From the listing below, set down exactly the lines between the one holding "Pesach celebration concept" and the one holding "Persona con capucha", inclusive. No other line is wanted.

• EXERCISE MATERIAL:
==============================
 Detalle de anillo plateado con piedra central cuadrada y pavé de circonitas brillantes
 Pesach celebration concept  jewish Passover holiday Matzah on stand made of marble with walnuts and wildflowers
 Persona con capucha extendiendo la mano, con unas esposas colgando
==============================
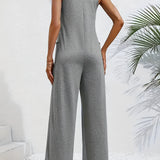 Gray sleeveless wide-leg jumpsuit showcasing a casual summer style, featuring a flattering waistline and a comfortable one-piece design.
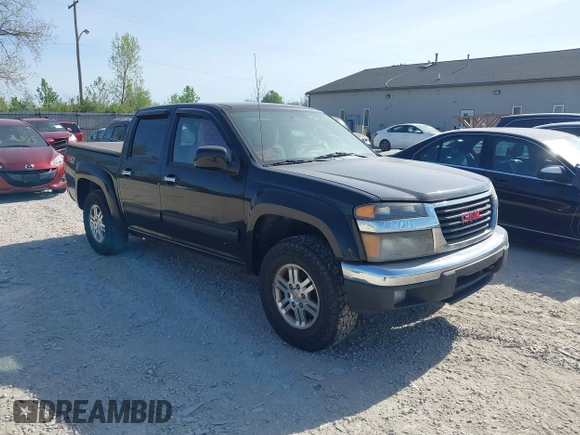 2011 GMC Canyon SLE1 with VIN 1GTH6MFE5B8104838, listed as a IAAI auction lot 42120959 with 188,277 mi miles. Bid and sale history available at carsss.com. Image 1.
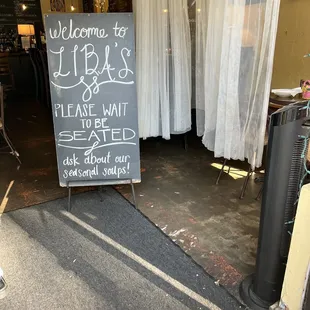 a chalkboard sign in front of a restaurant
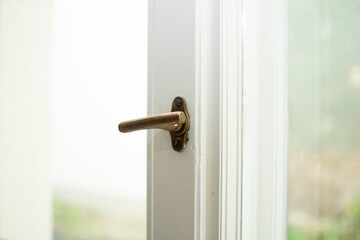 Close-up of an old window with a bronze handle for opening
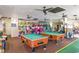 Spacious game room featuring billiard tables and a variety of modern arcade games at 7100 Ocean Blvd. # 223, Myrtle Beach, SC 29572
==============================
• SOLUTION FOR THIS EXERCISE:
 Pesach celebration concept  jewish Passover holiday Matzah on stand made of marble with walnuts and wildflowers
 Persona con capucha extendiendo la mano, con unas esposas colgando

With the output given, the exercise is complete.